Por Gerhard Sardo Entramos o ano com novas, boas e más notícias para o meio ambiente no Brasil, no Estado do Rio de Janeiro e no Município de Niterói. Em nível nacional a nomeação da senadora Marina Silva para o Ministério do Meio Ambiente foi, sem s

  
  

Por Gerhard Sardo

Entramos o ano com novas, boas e más notícias para o meio ambiente no Brasil, no Estado do Rio de Janeiro e no Município de Niterói. Em nível nacional a nomeação da senadora Marina Silva para o Ministério do Meio Ambiente foi, sem sombra de dúvida, a mais significativa e importante manifestação do poder constituído de reconhecimento público sobre a necessidade de uma Política Ambiental condizente com a realidade brasileira.

Em nível estadual, infelizmente, a questão ambiental parece ter `perdido` seu caráter de desenvolvimento sustentável. Segundo o decreto estadual nº 32.621/03, agora há uma Secretaria de Estado de Meio Ambiente e Desenvolvimento Urbano, e seu titular é o vice-governador eleito Luiz Paulo Fernandez Conde.

A nova Secretaria de Estado engloba a FEEMA, o IEF, a SERLA, a CECA, o FECAM, o CONEMA, o CODESUS/RJ, o CONEPURB, o FPPP, o FDM, o PROSANEAR, a CEDAE, o Conselho Estadual de Recursos Hídricos e o IEEA. O futuro da Política Ambiental estadual ainda é uma incógnita para os diversos segmentos do movimento ambientalista.
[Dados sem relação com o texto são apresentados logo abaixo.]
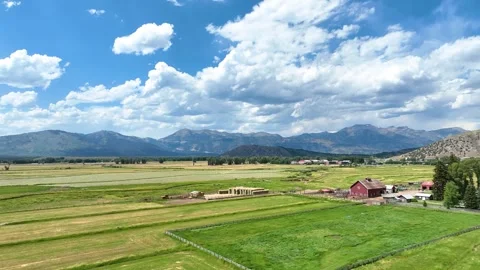 Aerial Green Fields Red Barn and Mountain Landscape Jackson Wyoming Flyover Stock Footage 339817260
Em nível municipal, foi sancionada a lei nº 2.042/02, que criou a Secretaria Municipal de Meio Ambiente e Recursos Hídricos. A decisão parece apontar para uma surpreendente valorização da Política Ambiental municipal, em contraponto à política anterior que vinha sendo desenvolvida pela gestão fracassada do PV.

Contudo, o sucesso da nova Secretaria Municipal dependerá, sobretudo, do resgate institucional do Conselho Municipal do Meio Ambiente e dos Recursos Hídricos (hoje esvaziado politicamente), bem como da nomeação de um secretário comprometido com as questões ambientais. Em Niterói ainda não foi nomeado o novo secretário, que deverá sair dos quadros do PT.
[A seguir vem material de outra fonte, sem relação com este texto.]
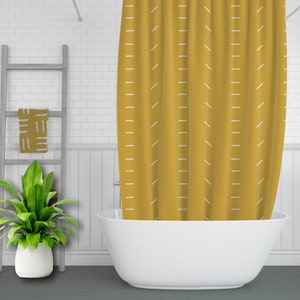May include: A yellow shower curtain with a white geometric pattern. The curtain is hanging in a bathroom with a white bathtub.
Mesmo em meio a tantas mudanças no meio político, com alternâncias necessárias para o setor ambiental, acredito que experiências de sucesso sejam mantidas pelos atuais mandatários do poder. Fóruns governamentais como o CONAMA, o CONEMA, o COMAN, os Conselhos Gestores, os Comitês de Bacias, os Conselhos Consultivos ou Deliberativos de Unidades de Conservação e os Centros de Referência devem ser mantidos e fortalecidos para a `saúde` dos próprios governantes.
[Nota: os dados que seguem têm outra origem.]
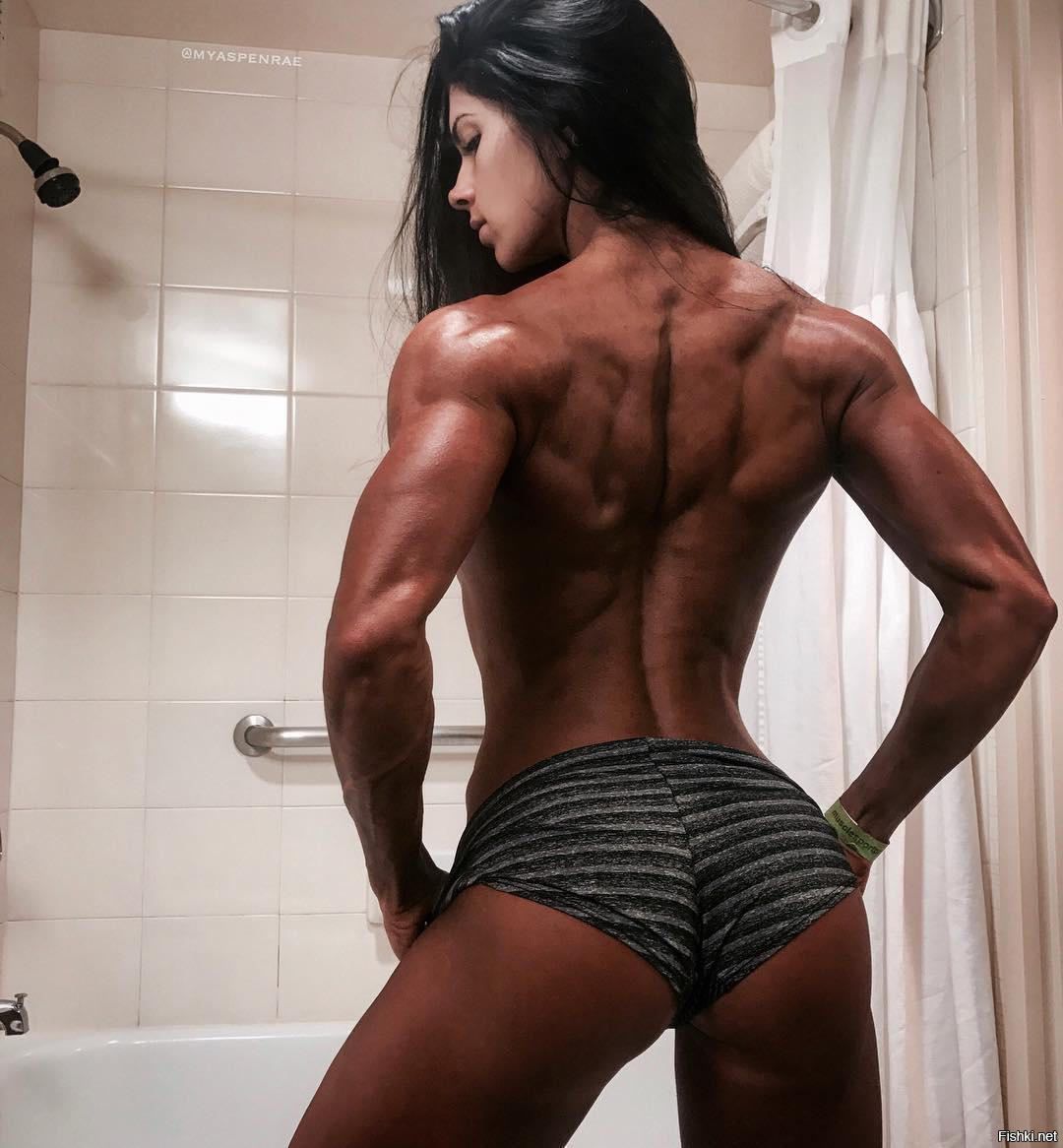 Muscular girl taking shower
O futuro dirá quem são os aliados do meio ambiente. Vamos aguardar.

Gerhard Sardo é Ambientalista, jornalista, pós-graduando em Análise e Avaliação Ambiental (PUC-Rio), membro titular no Conselho Nacional do Meio Ambiente (CONAMA) e no Conselho Municipal do Meio Ambiente e dos Recursos Hídricos de Niterói (COMAN).